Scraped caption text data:
%%

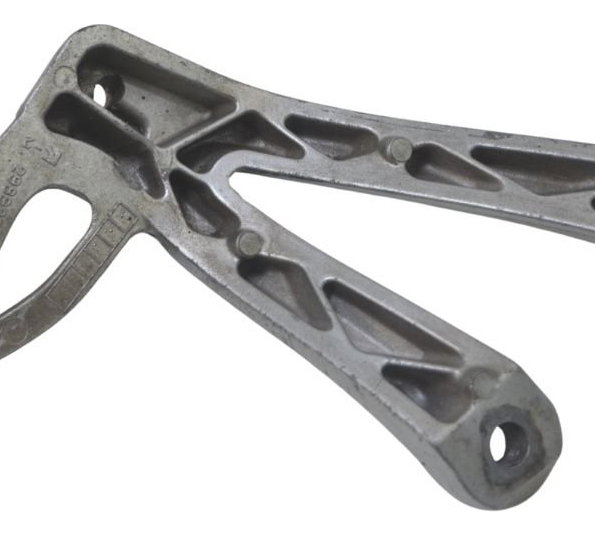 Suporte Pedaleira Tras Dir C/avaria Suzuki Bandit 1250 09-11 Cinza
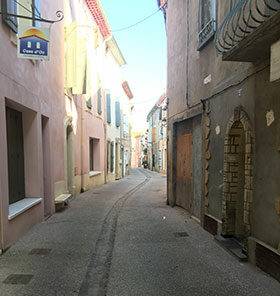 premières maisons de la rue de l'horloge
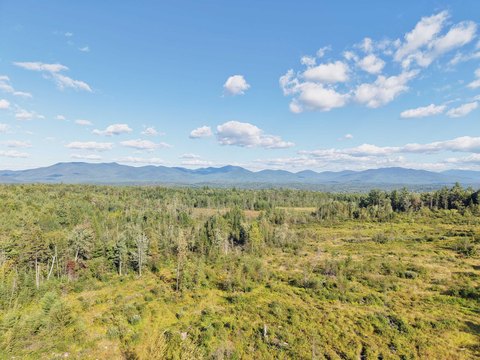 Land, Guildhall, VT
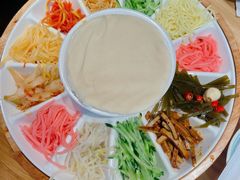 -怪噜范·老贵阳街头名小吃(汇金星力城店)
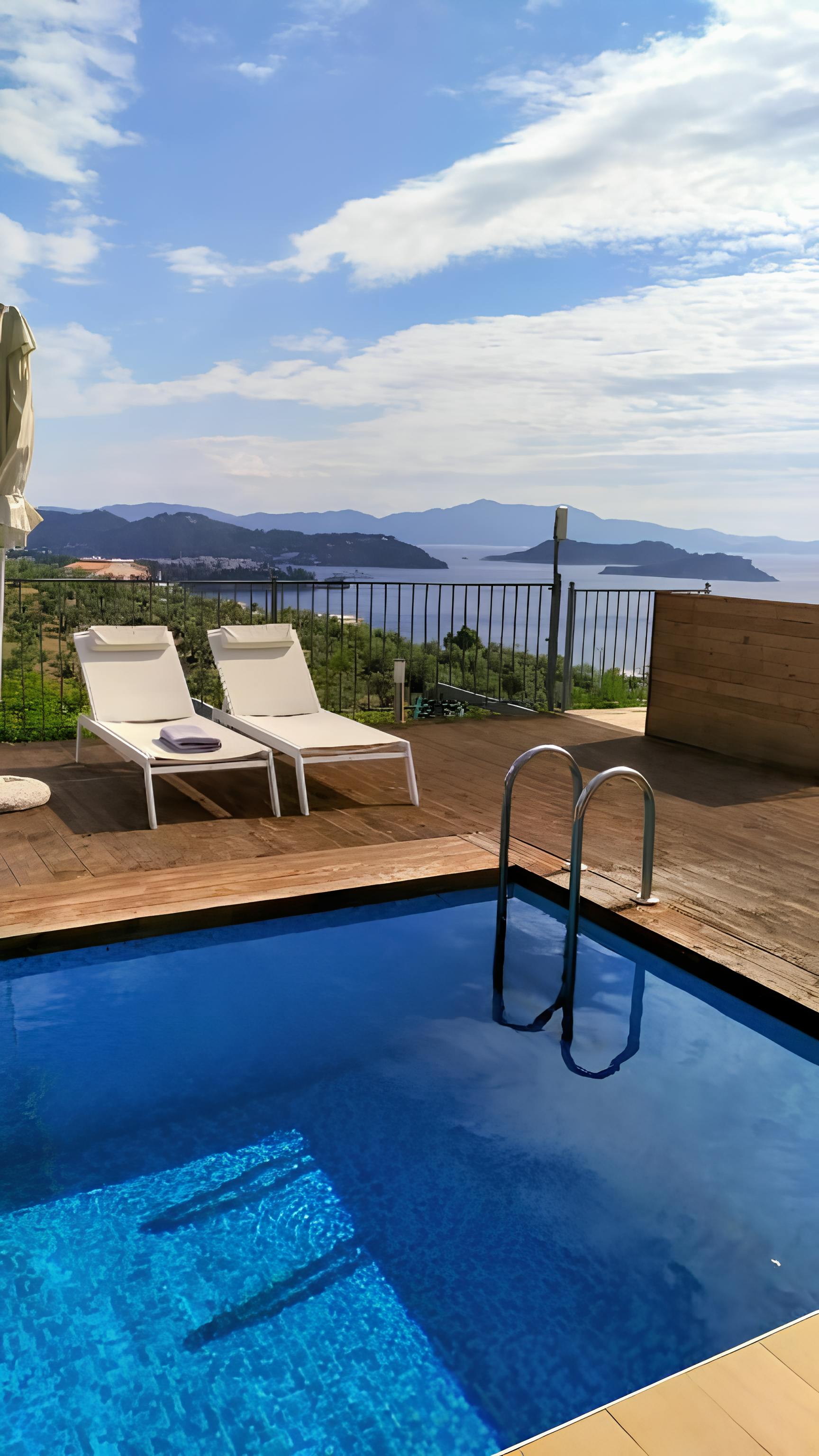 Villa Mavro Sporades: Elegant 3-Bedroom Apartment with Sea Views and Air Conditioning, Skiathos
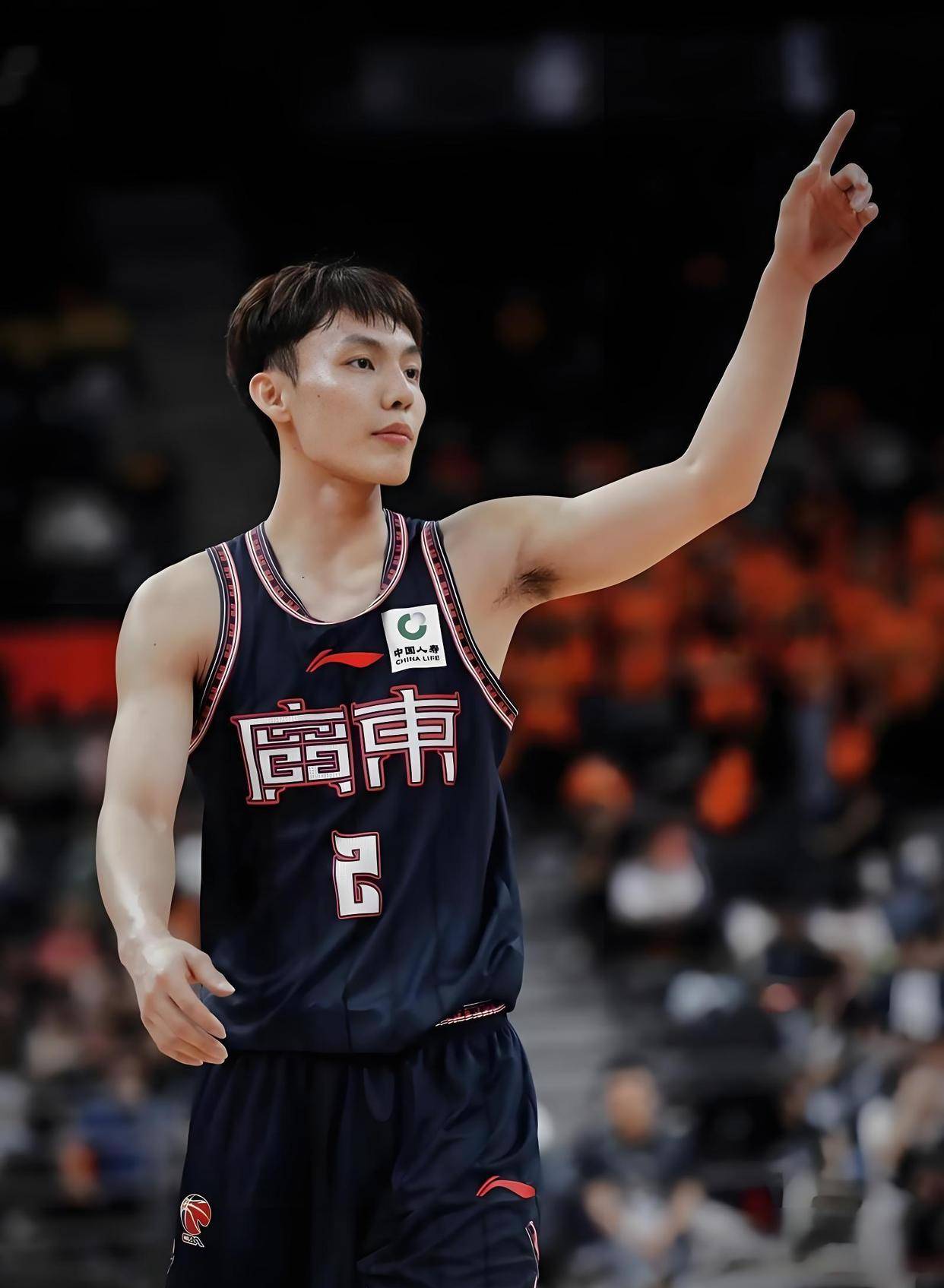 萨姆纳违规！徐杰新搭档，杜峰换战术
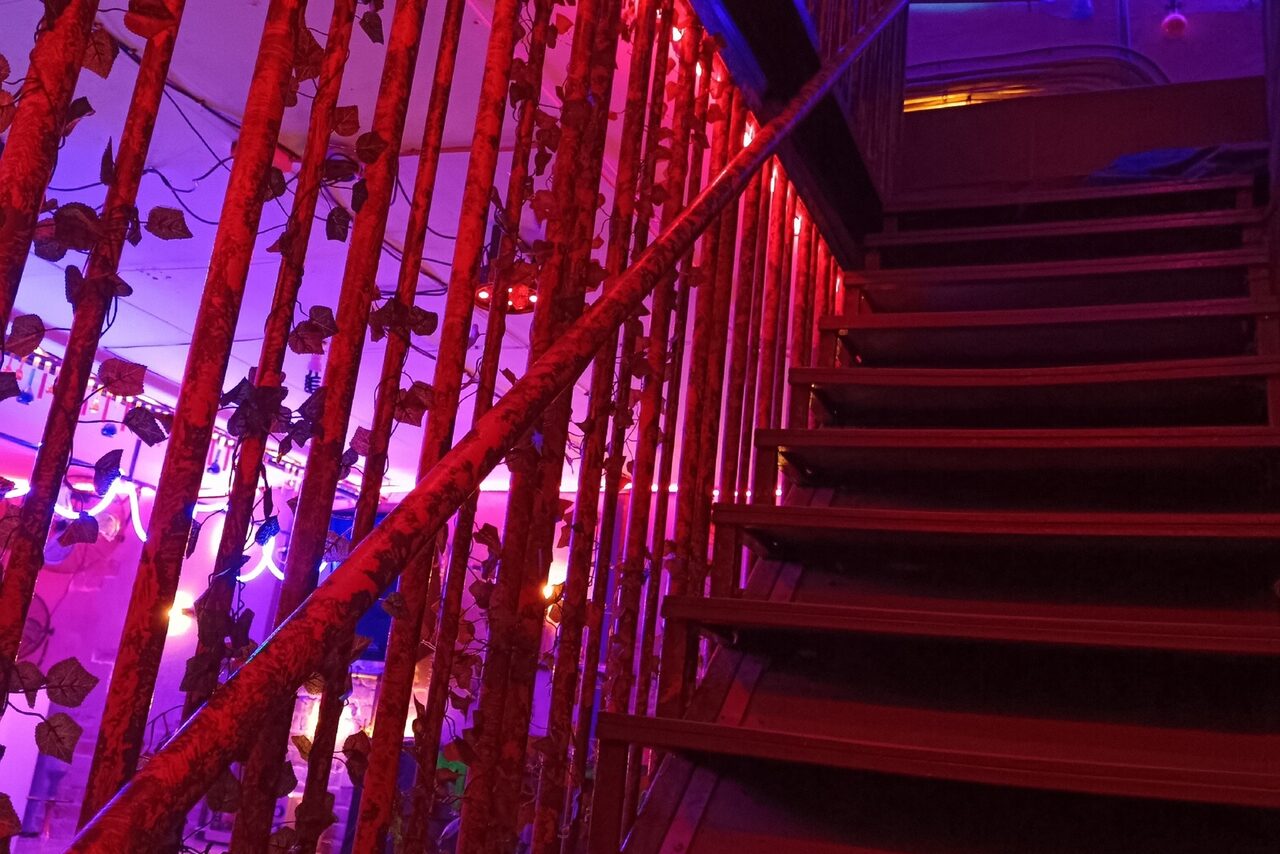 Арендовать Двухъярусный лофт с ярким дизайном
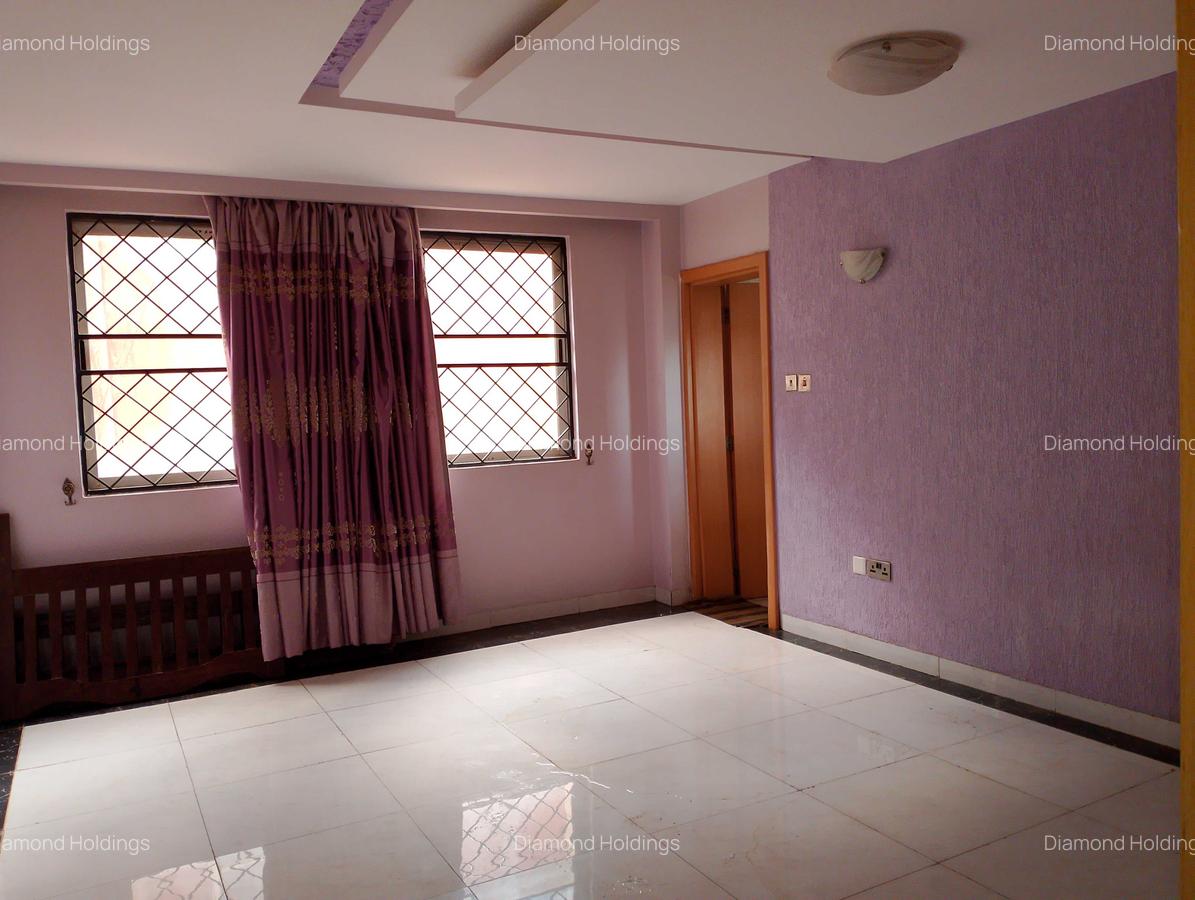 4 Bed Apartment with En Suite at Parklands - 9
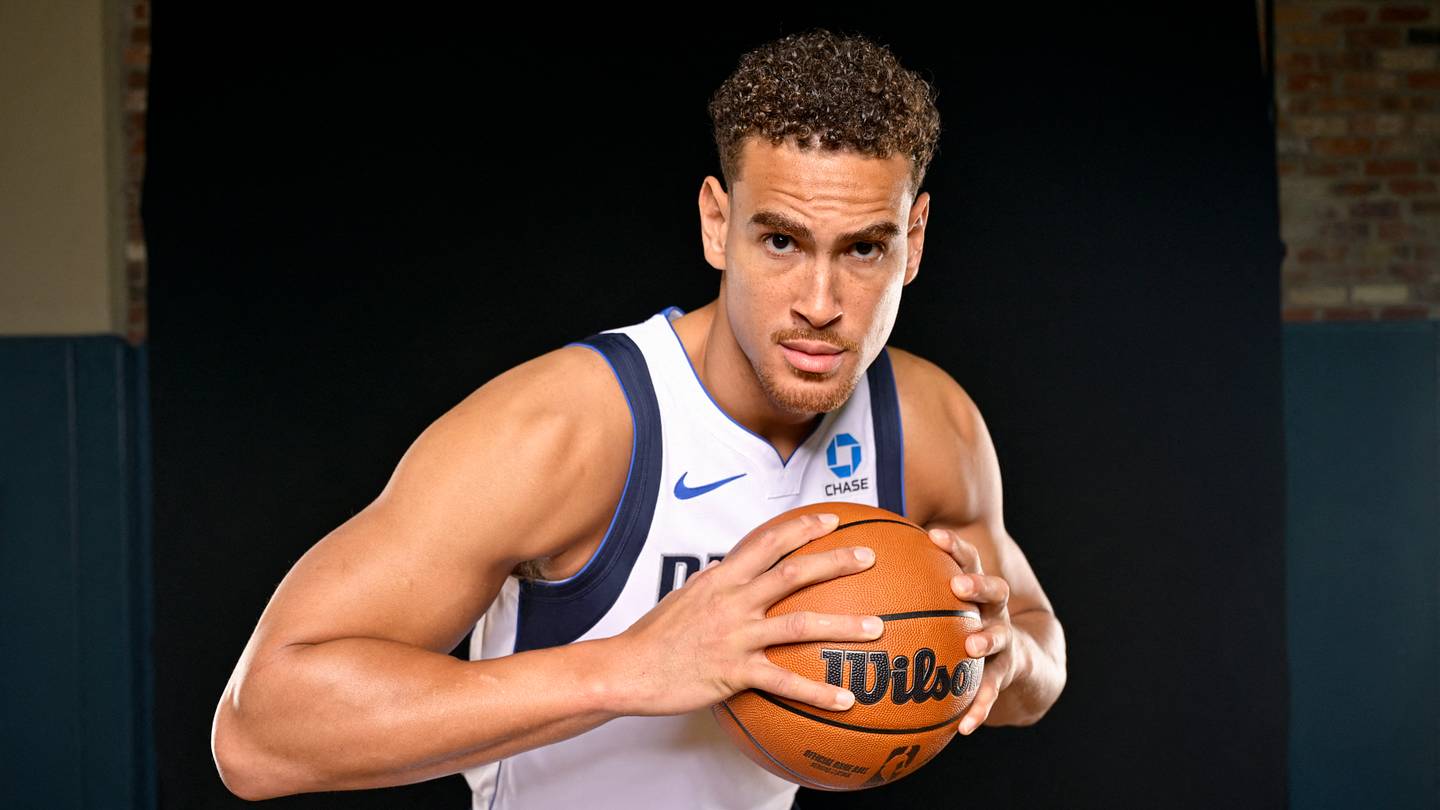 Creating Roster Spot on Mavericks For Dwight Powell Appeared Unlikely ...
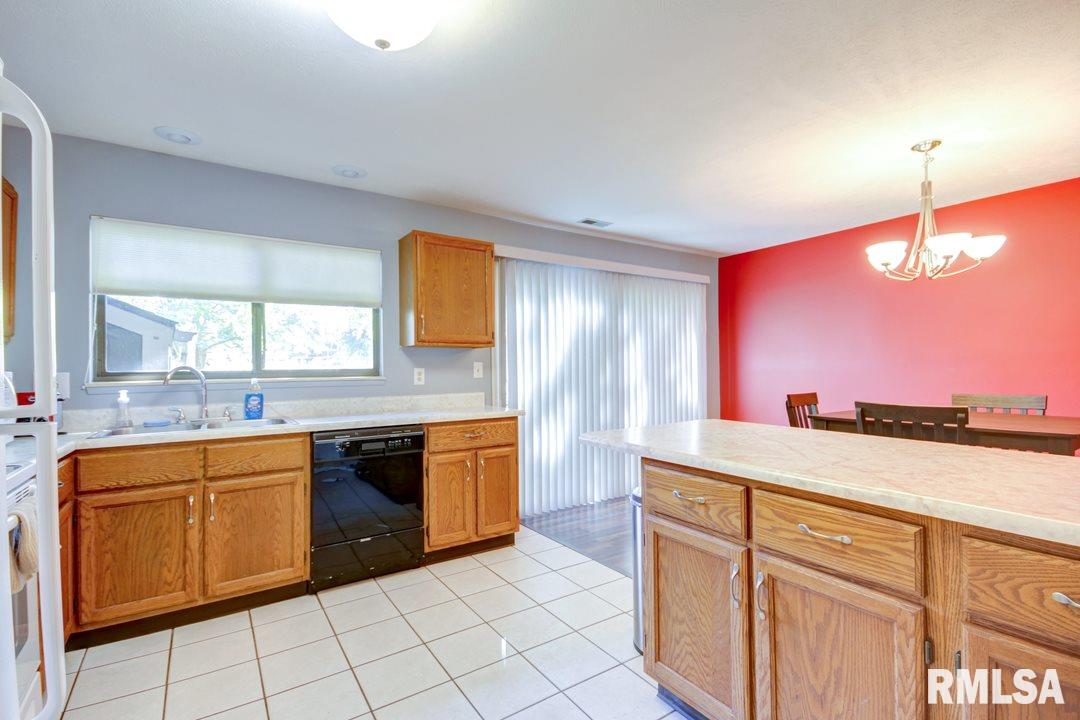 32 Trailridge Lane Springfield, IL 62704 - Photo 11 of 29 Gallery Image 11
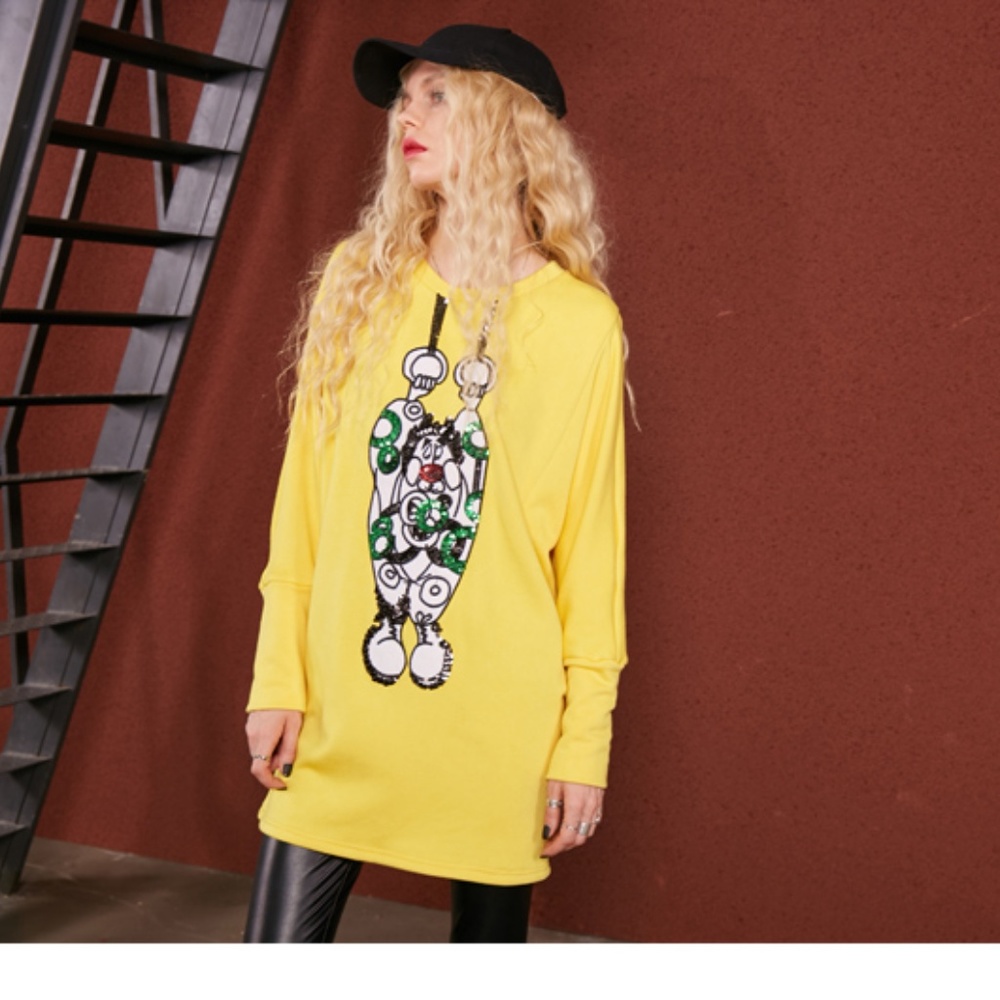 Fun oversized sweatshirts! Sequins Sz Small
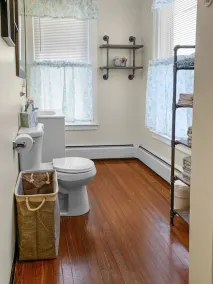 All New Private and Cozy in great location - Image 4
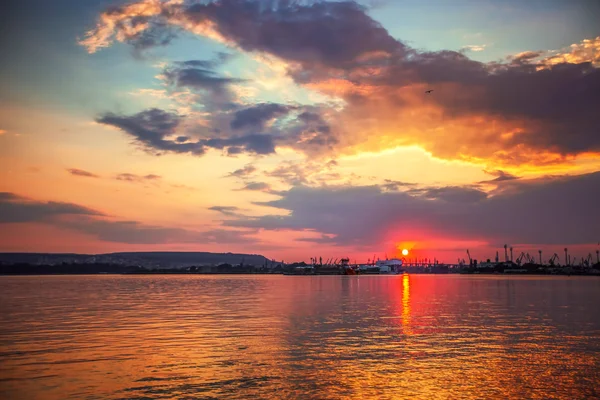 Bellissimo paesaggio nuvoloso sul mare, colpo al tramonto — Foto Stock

%%

▶ [WORK INSTRUCTION]:
Give the data again exactly, image-free.

▶ [OUTPUT]:
 Suporte Pedaleira Tras Dir C/avaria Suzuki Bandit 1250 09-11 Cinza
 premières maisons de la rue de l'horloge
 Land, Guildhall, VT
 -怪噜范·老贵阳街头名小吃(汇金星力城店)
 Villa Mavro Sporades: Elegant 3-Bedroom Apartment with Sea Views and Air Conditioning, Skiathos
 萨姆纳违规！徐杰新搭档，杜峰换战术
 Арендовать Двухъярусный лофт с ярким дизайном
 4 Bed Apartment with En Suite at Parklands - 9
 Creating Roster Spot on Mavericks For Dwight Powell Appeared Unlikely ...
 32 Trailridge Lane Springfield, IL 62704 - Photo 11 of 29 Gallery Image 11
 Fun oversized sweatshirts! Sequins Sz Small
 All New Private and Cozy in great location - Image 4
 Bellissimo paesaggio nuvoloso sul mare, colpo al tramonto — Foto Stock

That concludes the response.